2010 took its best shot
Wow, you think as Greater Des Moines walks toward you at a party; that is one nice-looking little city. But before you can start dishing out compliments, she whispers in your ear: “This is embarrassing, but I’m having some money problems. Can you loan me a few dollars until I get things turned around?”
It was like that in 2010.
When the richest folks in the metro area struggle to keep their golf course going, and some of our leading business people fall behind on the taxes at their glitzy lifestyle center, you know that the city’s Golden Age has been delayed.
We soldiered on, though, making some encouraging progress here and there while awaiting the next bad news. Our civic leaders boasted about job-retention efforts, but it was hard to hear over the sound of sobbing workers cleaning out their desks.
Principal Financial Group Inc. announced that it would exit the health insurance business, causing a loss of jobs. Wells Fargo Financial announced a big cut in jobs, too.
Coincidentally, a new law allowed Iowa breweries to produce and sell beers with as much as 12 percent alcohol content. Many laid-off employees said that sounded pretty good to them.
In downtown Des Moines, a Wisconsin developer moved forward on a plan to turn the Younkers Building into apartments, and Minneapolis developer George Sherman added apartments with a warehouse rehab and new construction. Inspired by these examples, some Des Moines developers sketched out plans of their own on the folders holding their bankruptcy documents.
Wellmark Blue Cross and Blue Shield completed a headquarters building that makes you wish you were getting into the health insurance business. Ordinary citizens are allowed to glance at it for free, but a steady gaze costs $5.
Wellmark also announced that only nonsmokers will be considered as employees. The company took no official stand on obesity, but did issue strict new staff guidelines on waddling.
The state of Iowa offered an early retirement program, and about 10 percent of its employees immediately became wedged in the exit doors. They were just so eager to help whip this stubborn budget problem.
That task now falls to Gov.-elect Terry Branstad, who took a pay cut to make a career switch. Instead of presiding over a rising, prosperous medical school with relatively few critics, he will govern a state with serious growth obstacles in the midst of a lingering economic malaise. In a related development, Chris Branstad announced the results of her research project about trying to control a person’s actions by whispering in his ear while he sleeps. She said it doesn’t appear to work.

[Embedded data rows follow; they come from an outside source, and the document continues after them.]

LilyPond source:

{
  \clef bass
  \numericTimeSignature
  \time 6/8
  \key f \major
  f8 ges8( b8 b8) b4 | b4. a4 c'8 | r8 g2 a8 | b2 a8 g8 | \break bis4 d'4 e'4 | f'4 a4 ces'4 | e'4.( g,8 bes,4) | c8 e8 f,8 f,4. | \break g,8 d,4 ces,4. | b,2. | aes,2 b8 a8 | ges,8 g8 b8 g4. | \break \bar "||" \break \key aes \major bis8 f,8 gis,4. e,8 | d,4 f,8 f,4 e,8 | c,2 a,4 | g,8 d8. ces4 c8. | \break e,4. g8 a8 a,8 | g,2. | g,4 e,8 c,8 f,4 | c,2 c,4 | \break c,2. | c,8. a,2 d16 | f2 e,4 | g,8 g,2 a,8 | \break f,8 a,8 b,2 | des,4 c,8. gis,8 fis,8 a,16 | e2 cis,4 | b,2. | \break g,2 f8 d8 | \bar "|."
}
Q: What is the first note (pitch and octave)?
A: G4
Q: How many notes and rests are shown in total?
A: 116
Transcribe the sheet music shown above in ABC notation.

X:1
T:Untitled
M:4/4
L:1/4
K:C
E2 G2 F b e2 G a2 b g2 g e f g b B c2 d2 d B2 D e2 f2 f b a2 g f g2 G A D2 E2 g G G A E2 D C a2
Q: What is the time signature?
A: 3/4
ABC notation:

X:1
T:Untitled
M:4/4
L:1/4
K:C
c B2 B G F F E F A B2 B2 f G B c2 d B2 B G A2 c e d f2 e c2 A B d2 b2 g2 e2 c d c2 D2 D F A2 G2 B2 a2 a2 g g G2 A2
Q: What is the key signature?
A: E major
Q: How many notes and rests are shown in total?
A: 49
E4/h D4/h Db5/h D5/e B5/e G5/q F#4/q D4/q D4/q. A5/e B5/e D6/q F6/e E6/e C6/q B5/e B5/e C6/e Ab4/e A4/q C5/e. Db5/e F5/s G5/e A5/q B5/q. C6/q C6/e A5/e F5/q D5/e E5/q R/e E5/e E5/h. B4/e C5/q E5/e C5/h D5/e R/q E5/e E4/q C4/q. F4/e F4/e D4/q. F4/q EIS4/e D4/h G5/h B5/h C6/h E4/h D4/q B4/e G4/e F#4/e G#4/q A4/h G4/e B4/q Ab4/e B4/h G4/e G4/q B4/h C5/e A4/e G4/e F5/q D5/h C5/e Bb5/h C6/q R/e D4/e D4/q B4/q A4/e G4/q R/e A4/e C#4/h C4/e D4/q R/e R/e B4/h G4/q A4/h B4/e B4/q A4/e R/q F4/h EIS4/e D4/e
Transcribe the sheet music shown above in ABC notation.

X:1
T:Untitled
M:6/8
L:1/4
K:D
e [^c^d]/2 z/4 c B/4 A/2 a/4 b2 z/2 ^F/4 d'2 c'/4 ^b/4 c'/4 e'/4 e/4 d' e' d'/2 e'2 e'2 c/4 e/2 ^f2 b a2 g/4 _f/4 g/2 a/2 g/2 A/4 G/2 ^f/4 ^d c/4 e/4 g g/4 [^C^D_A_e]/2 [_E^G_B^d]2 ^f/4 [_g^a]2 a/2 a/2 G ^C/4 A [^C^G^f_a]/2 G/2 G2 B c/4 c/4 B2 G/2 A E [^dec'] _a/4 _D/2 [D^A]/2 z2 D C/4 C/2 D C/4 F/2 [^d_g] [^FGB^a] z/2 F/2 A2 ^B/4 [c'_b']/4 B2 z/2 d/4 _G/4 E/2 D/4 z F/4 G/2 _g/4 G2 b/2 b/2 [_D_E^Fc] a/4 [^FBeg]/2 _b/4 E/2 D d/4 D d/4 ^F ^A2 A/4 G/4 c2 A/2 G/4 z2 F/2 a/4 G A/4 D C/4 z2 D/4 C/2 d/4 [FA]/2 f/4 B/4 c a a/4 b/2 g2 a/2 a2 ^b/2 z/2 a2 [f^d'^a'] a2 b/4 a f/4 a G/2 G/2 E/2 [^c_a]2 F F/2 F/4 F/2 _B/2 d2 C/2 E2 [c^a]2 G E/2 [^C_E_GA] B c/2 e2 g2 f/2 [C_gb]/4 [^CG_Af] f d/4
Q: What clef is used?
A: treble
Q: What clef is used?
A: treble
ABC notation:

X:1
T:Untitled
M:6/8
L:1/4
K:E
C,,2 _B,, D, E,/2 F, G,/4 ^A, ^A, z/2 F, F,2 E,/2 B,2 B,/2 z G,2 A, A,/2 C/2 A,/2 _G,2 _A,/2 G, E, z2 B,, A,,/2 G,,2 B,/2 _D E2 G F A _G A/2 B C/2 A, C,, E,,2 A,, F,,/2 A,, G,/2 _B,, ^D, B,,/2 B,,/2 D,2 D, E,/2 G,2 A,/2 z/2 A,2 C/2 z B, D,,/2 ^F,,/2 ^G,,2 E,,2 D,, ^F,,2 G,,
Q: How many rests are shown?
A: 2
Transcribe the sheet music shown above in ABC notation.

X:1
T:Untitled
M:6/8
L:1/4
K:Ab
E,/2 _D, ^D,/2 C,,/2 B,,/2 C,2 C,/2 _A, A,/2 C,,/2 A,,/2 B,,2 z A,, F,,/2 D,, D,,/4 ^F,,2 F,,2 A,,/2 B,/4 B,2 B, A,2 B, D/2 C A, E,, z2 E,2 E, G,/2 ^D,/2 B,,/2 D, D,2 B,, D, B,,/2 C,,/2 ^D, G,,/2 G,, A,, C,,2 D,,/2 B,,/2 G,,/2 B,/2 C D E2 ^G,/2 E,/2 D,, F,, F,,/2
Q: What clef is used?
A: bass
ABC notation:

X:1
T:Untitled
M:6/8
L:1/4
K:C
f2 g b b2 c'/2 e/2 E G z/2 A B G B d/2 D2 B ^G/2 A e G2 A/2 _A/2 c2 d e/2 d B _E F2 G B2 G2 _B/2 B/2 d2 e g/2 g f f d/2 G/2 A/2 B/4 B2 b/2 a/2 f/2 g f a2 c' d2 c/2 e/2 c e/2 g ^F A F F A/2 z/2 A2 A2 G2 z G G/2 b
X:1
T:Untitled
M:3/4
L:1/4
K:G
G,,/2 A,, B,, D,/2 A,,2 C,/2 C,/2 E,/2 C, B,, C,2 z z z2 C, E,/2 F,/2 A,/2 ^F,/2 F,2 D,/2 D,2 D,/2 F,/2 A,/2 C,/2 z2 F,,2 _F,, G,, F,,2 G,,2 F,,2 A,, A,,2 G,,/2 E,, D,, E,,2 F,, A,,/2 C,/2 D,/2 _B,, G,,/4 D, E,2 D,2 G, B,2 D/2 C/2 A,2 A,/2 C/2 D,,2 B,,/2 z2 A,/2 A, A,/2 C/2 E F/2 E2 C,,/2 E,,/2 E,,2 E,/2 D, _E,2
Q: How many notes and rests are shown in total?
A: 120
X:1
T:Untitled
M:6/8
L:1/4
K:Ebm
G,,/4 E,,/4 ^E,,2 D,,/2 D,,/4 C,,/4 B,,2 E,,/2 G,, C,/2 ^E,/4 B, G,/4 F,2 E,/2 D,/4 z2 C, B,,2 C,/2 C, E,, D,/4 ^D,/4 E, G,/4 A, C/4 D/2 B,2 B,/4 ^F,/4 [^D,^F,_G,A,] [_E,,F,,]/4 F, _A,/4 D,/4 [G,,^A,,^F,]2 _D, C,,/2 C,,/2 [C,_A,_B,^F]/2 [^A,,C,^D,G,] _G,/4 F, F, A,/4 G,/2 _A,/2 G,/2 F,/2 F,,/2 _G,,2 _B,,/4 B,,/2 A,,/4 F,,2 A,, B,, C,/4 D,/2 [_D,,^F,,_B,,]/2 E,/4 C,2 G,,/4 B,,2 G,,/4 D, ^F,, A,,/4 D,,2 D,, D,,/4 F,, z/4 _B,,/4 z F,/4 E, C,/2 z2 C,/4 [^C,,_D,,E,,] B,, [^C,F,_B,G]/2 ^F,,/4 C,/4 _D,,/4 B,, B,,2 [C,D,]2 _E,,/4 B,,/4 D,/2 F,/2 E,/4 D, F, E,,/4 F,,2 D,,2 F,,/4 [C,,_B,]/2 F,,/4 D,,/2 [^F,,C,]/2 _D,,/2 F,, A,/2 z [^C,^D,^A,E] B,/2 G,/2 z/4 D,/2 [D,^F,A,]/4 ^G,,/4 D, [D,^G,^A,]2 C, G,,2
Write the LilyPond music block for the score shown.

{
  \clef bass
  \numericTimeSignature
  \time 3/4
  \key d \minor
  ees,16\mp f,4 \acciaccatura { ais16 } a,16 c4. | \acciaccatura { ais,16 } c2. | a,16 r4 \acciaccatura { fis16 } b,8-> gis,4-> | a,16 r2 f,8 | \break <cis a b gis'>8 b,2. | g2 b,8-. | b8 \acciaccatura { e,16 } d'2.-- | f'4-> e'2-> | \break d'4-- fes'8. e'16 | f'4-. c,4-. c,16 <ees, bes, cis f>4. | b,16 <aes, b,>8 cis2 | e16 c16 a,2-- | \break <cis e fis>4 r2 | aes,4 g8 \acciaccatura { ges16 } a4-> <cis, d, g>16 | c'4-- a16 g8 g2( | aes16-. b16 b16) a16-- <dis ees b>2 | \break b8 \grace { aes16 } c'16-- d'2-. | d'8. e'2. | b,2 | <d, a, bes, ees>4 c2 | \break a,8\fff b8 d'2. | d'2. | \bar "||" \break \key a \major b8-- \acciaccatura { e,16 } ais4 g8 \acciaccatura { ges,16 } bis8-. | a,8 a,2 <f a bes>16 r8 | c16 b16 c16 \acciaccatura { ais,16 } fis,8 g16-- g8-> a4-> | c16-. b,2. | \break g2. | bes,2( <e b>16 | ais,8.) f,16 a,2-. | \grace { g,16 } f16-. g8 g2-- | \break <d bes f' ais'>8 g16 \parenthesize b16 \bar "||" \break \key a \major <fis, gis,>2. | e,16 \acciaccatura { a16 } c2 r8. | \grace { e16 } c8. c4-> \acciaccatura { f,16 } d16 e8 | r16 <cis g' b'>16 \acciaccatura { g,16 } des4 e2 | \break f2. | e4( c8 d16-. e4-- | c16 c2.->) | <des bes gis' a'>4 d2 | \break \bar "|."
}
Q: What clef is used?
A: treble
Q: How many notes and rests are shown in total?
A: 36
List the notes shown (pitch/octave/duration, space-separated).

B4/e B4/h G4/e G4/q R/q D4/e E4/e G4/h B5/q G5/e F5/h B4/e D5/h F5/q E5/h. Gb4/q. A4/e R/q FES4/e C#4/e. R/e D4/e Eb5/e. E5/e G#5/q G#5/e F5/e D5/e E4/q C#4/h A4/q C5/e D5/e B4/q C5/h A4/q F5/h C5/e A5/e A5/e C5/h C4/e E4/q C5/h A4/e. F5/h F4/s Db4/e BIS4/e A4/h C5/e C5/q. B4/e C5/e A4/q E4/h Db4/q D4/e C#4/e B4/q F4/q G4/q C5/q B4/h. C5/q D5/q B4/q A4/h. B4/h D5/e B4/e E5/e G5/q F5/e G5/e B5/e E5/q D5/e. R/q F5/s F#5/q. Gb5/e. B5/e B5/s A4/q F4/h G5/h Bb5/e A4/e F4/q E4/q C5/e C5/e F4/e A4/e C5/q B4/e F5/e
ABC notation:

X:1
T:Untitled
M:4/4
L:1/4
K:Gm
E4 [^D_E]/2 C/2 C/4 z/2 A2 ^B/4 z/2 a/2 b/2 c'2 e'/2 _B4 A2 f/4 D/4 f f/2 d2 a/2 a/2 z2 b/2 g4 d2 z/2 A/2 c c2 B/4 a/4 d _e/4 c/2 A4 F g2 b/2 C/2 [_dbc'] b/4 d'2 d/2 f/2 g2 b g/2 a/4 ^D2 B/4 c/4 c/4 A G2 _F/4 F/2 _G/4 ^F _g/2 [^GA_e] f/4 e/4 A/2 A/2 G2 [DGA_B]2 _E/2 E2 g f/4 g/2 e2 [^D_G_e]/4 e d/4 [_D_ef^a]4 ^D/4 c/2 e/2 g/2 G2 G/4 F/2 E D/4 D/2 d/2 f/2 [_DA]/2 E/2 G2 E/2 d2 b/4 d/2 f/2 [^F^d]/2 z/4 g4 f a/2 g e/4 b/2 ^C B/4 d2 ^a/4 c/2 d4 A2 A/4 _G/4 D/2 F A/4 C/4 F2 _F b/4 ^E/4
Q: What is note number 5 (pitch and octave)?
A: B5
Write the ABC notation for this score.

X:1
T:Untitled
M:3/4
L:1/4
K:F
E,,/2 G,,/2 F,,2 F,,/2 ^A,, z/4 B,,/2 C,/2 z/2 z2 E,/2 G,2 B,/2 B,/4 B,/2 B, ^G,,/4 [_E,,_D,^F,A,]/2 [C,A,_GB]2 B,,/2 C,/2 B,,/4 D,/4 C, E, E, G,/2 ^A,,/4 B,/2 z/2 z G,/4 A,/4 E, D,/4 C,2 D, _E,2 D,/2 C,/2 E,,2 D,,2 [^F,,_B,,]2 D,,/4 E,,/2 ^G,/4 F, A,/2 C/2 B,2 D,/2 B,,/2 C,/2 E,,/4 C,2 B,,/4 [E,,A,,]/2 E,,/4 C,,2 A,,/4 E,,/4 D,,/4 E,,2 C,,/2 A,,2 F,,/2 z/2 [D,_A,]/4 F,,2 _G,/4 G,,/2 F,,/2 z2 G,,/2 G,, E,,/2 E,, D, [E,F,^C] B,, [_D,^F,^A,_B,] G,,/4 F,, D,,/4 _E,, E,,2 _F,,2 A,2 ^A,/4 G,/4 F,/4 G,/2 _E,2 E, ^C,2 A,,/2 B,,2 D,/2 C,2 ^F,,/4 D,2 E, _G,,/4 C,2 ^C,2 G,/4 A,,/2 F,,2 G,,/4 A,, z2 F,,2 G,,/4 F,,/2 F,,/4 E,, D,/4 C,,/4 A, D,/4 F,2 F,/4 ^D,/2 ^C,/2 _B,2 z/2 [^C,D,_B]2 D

One of the year’s highlights was the regular appearance of Greater Des Moines on “best cities” lists. Recently, Des Moines was proclaimed by CNBC as one of the best cities to move to, and we swelled with pride. Then we noticed that Buffalo, N.Y., was also on the list. The swelling subsided.
As the end of the year drew near, debate erupted about faculty sabbaticals at our state universities. Proponents of the practice said some sabbaticals produce research that brings millions of dollars to the schools. Nitpicking opponents questioned the value of studying billiards in the Philippines. Finally, English professors banded together and threatened to stop considering the social implications of “Beowulf.” The Iowa Board of Regents buckled under this pressure, approving all sabbatical requests and giving the other faculty members an extra 15 minutes for lunch.
Here at the Business Record, a three-year adventure in outside ownership ended in bankruptcy for those guys and a return to our original boss, Connie Wimer. Now I wish I had been nicer to her during the interim. Thanks to a rigorous “re-education” program, I have come to understand that putting thumbtacks on her chair really was uncalled for.